Model simulation of NO 3 , N 2 O 5 and ClNO 2 at a rural site in Beijing during CAREBeijing-2006

A chemical box model was used to study nitrate radical (NO 3 ), dinitrogen pentoxide (N 2 O 5 ) and nitryl chloride (ClNO 2 ) in a rural site during the Campaign of Air Quality Research in Beijing 2006 (CAREBeijing-2006). The model was based on regional atmospheric chemistry mechanism version 2 (RACM2) with the heterogeneous uptake of N 2 O 5 and the simplified chloride radical (Cl) chemistry mechanism. A high production rate of NO 3 with a mean value of 0.8 ppbv/h and low mixing ratios of NO 3 and N 2 O 5 (peak values of 17 pptv and 480 pptv, respectively) existed in this site. Budget analysis showed that NO emission suppressed the NO 3 chemistry at the surface layer, the reaction of NO 3 with VOCs made a similar contribution to NO 3 loss as N 2 O 5 heterogeneous uptake.
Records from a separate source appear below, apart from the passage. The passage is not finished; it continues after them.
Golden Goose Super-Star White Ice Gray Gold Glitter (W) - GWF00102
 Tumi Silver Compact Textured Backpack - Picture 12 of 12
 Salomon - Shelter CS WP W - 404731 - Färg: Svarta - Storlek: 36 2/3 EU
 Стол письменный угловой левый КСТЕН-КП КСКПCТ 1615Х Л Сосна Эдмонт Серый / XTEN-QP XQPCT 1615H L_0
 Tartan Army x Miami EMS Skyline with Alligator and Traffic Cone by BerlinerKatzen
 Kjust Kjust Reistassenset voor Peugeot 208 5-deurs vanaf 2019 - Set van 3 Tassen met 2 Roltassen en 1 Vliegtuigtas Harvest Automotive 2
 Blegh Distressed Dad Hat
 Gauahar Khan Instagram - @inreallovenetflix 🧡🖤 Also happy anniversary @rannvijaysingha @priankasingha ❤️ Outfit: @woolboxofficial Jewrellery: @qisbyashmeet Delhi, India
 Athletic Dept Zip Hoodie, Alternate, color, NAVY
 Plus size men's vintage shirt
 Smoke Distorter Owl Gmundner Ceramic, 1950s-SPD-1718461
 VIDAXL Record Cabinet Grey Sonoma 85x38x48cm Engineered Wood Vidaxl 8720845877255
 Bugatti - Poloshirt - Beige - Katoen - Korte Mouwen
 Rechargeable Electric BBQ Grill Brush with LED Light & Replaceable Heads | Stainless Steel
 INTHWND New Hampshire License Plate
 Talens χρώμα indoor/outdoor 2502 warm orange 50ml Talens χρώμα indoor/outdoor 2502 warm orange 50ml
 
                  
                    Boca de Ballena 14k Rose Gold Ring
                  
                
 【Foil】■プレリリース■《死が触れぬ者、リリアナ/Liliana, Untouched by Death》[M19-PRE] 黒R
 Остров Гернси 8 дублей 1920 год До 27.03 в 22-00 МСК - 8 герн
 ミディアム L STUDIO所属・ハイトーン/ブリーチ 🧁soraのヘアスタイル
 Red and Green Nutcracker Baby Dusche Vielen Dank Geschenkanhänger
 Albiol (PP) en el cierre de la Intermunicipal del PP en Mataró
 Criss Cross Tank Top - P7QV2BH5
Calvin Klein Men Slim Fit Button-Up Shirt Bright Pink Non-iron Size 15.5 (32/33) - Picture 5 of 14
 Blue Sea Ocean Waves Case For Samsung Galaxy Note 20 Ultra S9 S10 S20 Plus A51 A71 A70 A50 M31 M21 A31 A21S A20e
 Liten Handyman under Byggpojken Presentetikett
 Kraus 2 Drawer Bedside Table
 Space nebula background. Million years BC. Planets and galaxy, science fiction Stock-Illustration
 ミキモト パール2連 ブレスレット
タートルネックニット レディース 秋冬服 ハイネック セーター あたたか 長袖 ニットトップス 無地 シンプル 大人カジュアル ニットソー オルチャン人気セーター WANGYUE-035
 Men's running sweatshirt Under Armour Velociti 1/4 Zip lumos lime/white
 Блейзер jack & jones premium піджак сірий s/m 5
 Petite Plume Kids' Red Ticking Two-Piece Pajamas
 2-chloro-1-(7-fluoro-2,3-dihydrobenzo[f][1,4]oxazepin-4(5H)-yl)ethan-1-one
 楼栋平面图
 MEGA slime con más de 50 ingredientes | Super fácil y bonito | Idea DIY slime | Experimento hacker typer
The NO 3 chemistry was predominantly controlled by isoprene, and NO 3 oxidation produced organic nitrate with a mean value of 0.06 ppbv/h during nighttime. The organic nitrate production initiated by NO 3 was equal to that initiated by OH, implying the importance of nighttime chemistry for secondary organic aerosol (SOA) formation. We confirmed that the N 2 O 5 heterogeneous reaction accounted for nighttime particle NO 3 − enhancement, with a large day to day variability, and made less of a contribution to NOx loss compared to that of OH reacting with NO 2 . Additionally, abundant ClNO 2 , up to 5.0 ppbv, was formed by N 2 O 5 heterogeneous uptake. ClNO 2 was sustained at a high level until noon in spite of the gradually increasing photolysis of ClNO 2 after sunrise. Chlorine activation caused by N 2 O 5 heterogeneous uptake increased primary ROx formation by 5% and accounted for 8% of the net ozone production enhancement in the morning.